The Speaker 18: Melancholy

  • I arrive at Skuldafn and Odahviing takes off. There's nothing more to it now, just me and the inevitable path to Alduin, to finish what he started, what I delayed, and what fate has finally decided should end.

    Or not fate. I am, after all, here of my own volition. Paarthurnax encouraged me, Lisin pushed me, Delphine ordered me, but I still made a choice, just as much as I made a choice a year ago to ignore it all and try to find myself in pursuit of riches. 

    It's not fate that fells every dragon at my hand. It's me, the dragon I've become. The dragon I am.

    Paarthurnax is right--the Dov are bound less by time than the other races. We can move forward or backward, sometimes not moving at all, simply making the world bend around us.
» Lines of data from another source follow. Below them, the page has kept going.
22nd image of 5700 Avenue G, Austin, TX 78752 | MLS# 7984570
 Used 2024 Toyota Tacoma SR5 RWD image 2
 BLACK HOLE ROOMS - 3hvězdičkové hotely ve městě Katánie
It doesn't matter the plans of others--we simply glide on, building the future with every word on our tongues, every beat of our wings, every arrow on our string.
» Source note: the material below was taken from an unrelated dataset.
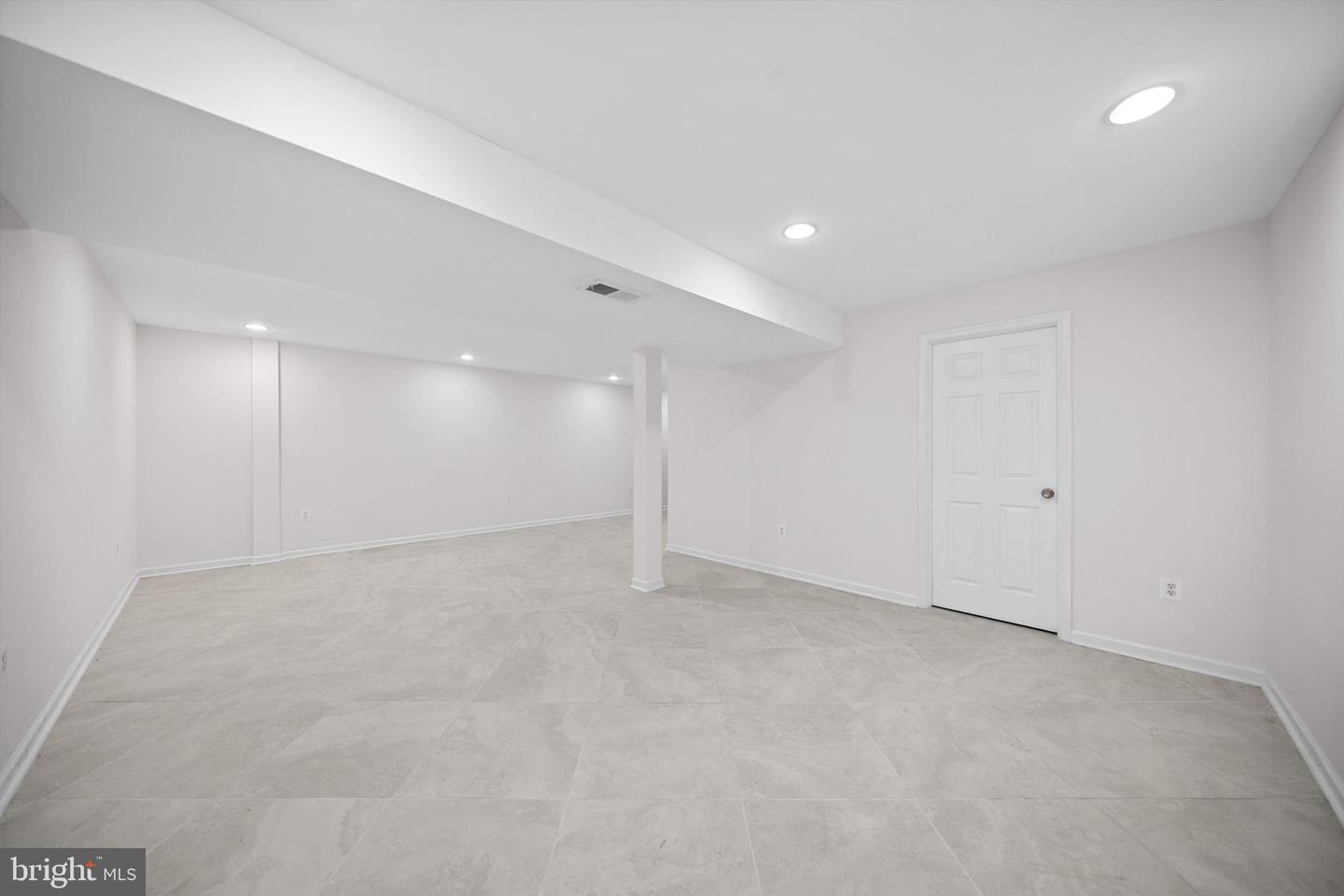 6003 LINCOLNWOOD CT, BURKE, Virginia 22015, 4 Bedrooms Bedrooms, ,2 BathroomsBathrooms,Residential,For sale,6003 LINCOLNWOOD CT,VAFX2261836 MLS # VAFX2261836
    So let Alduin throw his armies of Draugr at me. They're nothing, just the faded husks of a warped and broken civilization spent long before its time passed.

    And let him send his brothers at me, those weak and cowering bodies that dare take the name of Dovah. No dragon would so readily submit to the beck and call of one of their own kind.
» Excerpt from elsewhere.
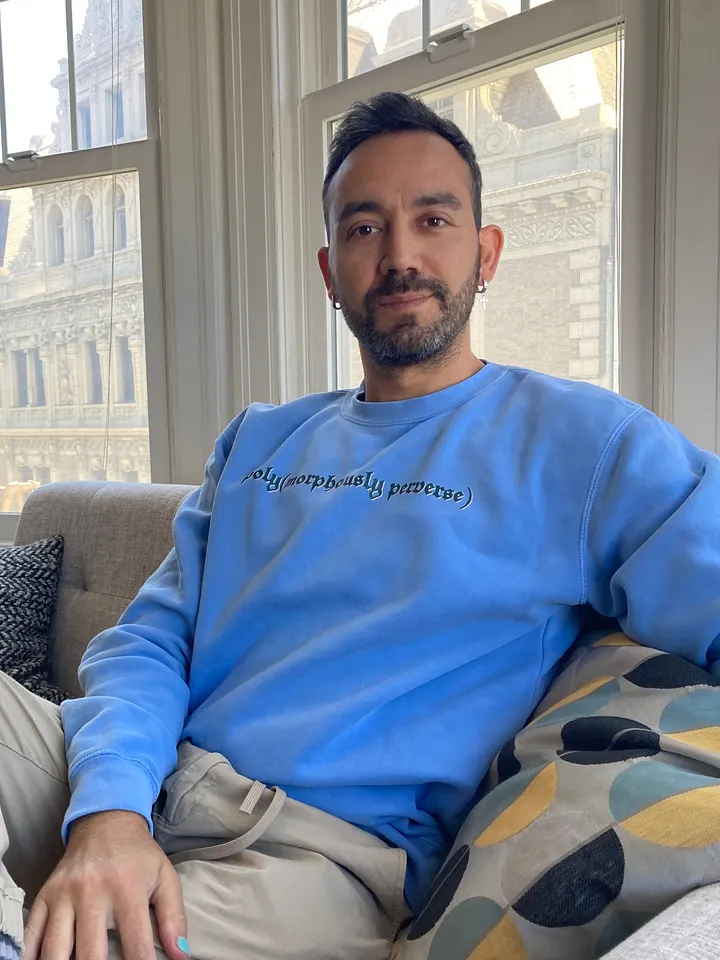 Poly(morphously Perverse) Sweatshirt product image (4)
    Because being a dragon has nothing to do with the strength of one's body or the power of one's voice or the size of one's ego.

    Being a dragon is about understanding one's place in the world, knowing that to be a dragon is to be the pinnacle of creation, the most beautiful and glorious things Akatosh ever made. And with that birthright comes a responsibility, to make dragons something to be revered and admired, not out of fear, but out of amazement.

    The dragons should have been a stabilizing force in the world, the cornerstone of creation, the embodiment of such awe that all else would fall into place around them. They should have been a light so brilliant that to stare at it would only throw the rest of the world into clearest relief.

    But Alduin wanted more. He raged against the place that was made for him and wanted the entire world to bow to him on bended knee, eyes cast to the ground and away from the light. He sold this lie to his brothers and deceived them all. 

    And now it falls to me to kill them.

    I'm sorry for Alduin. I truly am. We are brothers in every sense of the word, but brothers estranged, he the arrogant prodigal, spitting in the face of his father, and I the lost orphan, trying to find myself in a world much bigger than I. 

    And that's what I've come to realize. Too often was I tempted down the same path as Alduin, thinking that simply because I had the power to do so, that I should do so. And while it is the nature of dragons to make paths, not follow them, the path I have left is not the one I would have chosen could I do it again.

    But it is my path regardless, and though it is I who make it, it is also I who follow.

    Wherever it leads.

Comments

6 Comments
  • Monk Nacada
    Monk Nacada   ·  August 9, 2013
    epic silhouette
  • Master Dread
    Master Dread   ·  February 25, 2013
    My favorite chapter of the series the revelation so to speak.
  • Bobbo
    Bobbo   ·  February 25, 2013
    Yeah, the pictures are brilliant! Almost as brilliant as this story! :D
  • Clement Bilhorn
    Clement Bilhorn   ·  February 24, 2013
    Glad you like the shot. I think the less time I spend on each shot usually makes it turn out better. I need to stop overthinking this...
  • Todd
    Todd   ·  February 24, 2013
    I hope you do not mind, but I have that last screenshot saved as my background. 

    Absolutely amazing. Keep it coming! 
  • Kyrielle Atrinati
    Kyrielle Atrinati   ·  February 24, 2013
    That last shot.  Just awesome.  Very nice capture of the silhouette.  It would make an excellent cover image for this story if it were compiled together.